# Causal Knowledge Transfer for Safe Reinforcement Learning

### Train Agents
#### Sumo Network File
When editing the sumo network (nets/simple_unprotected_right.net.xml) never edit the xml directly. Instead, go to nets/netconfig and make desired changes there. Generate the new net.xml by executing generate config.sh
#### Sumo Route File
This is part of the generate_config.sh now.
#### Reward Function
* TODO: Come up with a fitting reward function that penalises collisions
#### RL Training
* TODO: Come up with Hyperparameters for the training loop

**Desired Output: Trained_Model.zip**

### Creating the Sumo Environment

In [None]:
# Make sure SUMO_HOME is set!
sumo_home = %env SUMO_HOME
from pathlib import Path

FRICTION = 1
END_TIME = 3600
REPEAT_PERIOD = 10

config_directory = Path().joinpath('nets', 'simple_unprotected_right')
config_files = {
    'netccfg': config_directory.joinpath('simple_unprotected_right.netccfg'),
    'duarcfg': config_directory.joinpath('simple_unprotected_right.duarcfg'),
    'net.xml': config_directory.joinpath('simple_unprotected_right.net.xml'),
    'rou.xml': config_directory.joinpath('simple_unprotected_right.rou.xml'),
    'routes.rou.xml': config_directory.joinpath('routes.rou.xml'),
    'config.rou.xml': config_directory.joinpath('config.rou.xml'),
}

findAllRoutes = Path(sumo_home).joinpath('tools', 'findAllRoutes.py')
vehicle2flow = Path(sumo_home).joinpath('tools', 'route', 'vehicle2flow.py')

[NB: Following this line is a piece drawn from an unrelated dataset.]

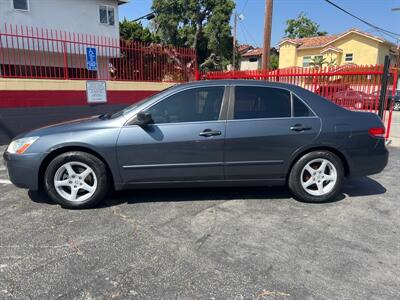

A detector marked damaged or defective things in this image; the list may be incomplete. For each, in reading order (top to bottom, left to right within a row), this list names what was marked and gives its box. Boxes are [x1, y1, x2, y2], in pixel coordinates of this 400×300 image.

cracked pavement [0, 145, 400, 298]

! netconvert --configuration-file {config_files['netccfg']} --default.friction {FRICTION}

! python {findAllRoutes} -n {config_files['net.xml']} -o {config_files['routes.rou.xml']} -s southJunction,westJunction -t junctionEast,junctionNorth

! duarouter --configuration-file {config_files['duarcfg']}

! python {vehicle2flow} {config_files['config.rou.xml']} -o {config_files['rou.xml']} -e {END_TIME} -r {REPEAT_PERIOD}


In [None]:
from env.SumoEnvironmentGenerator import SumoEnvironmentGenerator
from pathlib import Path

environments = SumoEnvironmentGenerator(
    net_file=str(Path().joinpath('nets', 'simple_unprotected_right', 'simple_unprotected_right.net.xml')),
    route_file=str(Path().joinpath('nets', 'simple_unprotected_right', 'simple_unprotected_right.rou.xml')),
    sumocfg_file=str(Path().joinpath('nets', 'simple_unprotected_right', 'simple_unprotected_right.sumocfg')),
    duration=3600,
    learning_data_csv_name=str(Path().joinpath('env', 'training_data', 'output.csv')),
)

### Training and saving the Model

In [None]:
from stable_baselines3.a2c import A2C

%load_ext tensorboard
env = environments.get_training_env()
model = A2C(
    env=env,
    policy='MlpPolicy',
    # learning_rate=0.001,
    # learning_starts=0,
    # train_freq=1,
    # target_update_interval=500,
    # exploration_fraction=0.05,
    # exploration_final_eps=0.01,
    verbose=1,
    tensorboard_log='dqn_sumo_tensorboard'
)
model.learn(100_000, tb_log_name='a2c')
model.save(Path().joinpath('env', 'training_data', 'a2c'))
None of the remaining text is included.